Auditor responsible for certifications of the consolidated accounts of Proximus Group
The mandate of Deloitte Bedrijfsrevisoren/Réviseurs d'Entreprises BV/SRL represented by Mr. Geert Verstraeten and CDP Petit & Co SRL represented by Mr. Damien Petit for the consolidated audit mandate of Proximus S.A. of public law will expire at the annual general meeting of 2022.
In conclusion
On behalf of the Board of Directors, we propose to the shareholders to approve the annual accounts as they are presented herein and respectfully request that the shareholders grant discharge to the Directors and Auditors of the annual accounts for the execution of their mandate during the past financial year.
On recommendation of the Nomination and Remuneration Committee, we nominate in accordance with article 18 of Proximus' bylaws, Mrs. Agnès Touraine as candidate independent member of the Board of Directors which corresponds with a renewal of her mandate until the annual general meeting of 2026.
On recommendation of the Nomination and Remuneration Committee, we nominate in accordance with article 18 of Proximus' bylaws, Mrs. Catherine Vandenborre as candidate independent member of the Board of Directors which corresponds with a renewal of her mandate until the annual general meeting of 2026.

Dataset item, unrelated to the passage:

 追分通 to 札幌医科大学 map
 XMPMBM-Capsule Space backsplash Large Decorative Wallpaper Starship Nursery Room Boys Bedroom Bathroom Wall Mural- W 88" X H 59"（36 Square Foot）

Appointment of Board Members in accordance with the right of nomination of the Belgian State:
In accordance with the nomination for appointment by the Board of Directors and after recommendation of the Nomination and Remuneration Committee, on behalf of the Belgian State, in accordance with article 18, §3 of Proximus' bylaws, we nominate Mr. Stefaan De Clerck as candidate Board Member for a period expiring on the date of the annual general meeting of 2025.
In accordance with the nomination for appointment by the Board of Directors and after recommendation of the Nomination and Remuneration Committee, on behalf of the Belgian State, in accordance with article 18, §3 of Proximus' bylaws, we nominate Mrs. Claire Tillekaerts as candidate Board Member for a period expiring on the date of the annual general meeting of 2026.
In accordance with the nomination for appointment by the Board of Directors and after recommendation of the Nomination and Remuneration Committee, on behalf of the Belgian State, in accordance with article 18, §3 of Proximus' bylaws, we nominate Mrs. Beatrice de Mahieu as candidate Board Member for a period expiring on the date of the annual general meeting of 2026.
In accordance with the nomination for appointment by the Board of Directors and after recommendation of the Nomination and Remuneration Committee, on behalf of the Belgian State, in accordance with article 18, §3 of Proximus' bylaws, we nominate Mrs. Audrey Hanard as candidate Board Member for a period expiring on the date of the annual general meeting of 2026.
We propose to appoint a College of Auditors consisting of Deloitte Bedrijfrevisoren BV/Réviseurs d'Entreprises SRL, represented by Mr. Koen Neijens and Luc Callaert BV, represented by Mr. Luc Callaert, for the audit mandate of Proximus S.A. for a period of 6 years, which expires at the annual general meeting of 2028, for an annual audit fee of 293,000 EUR (to be indexed annually).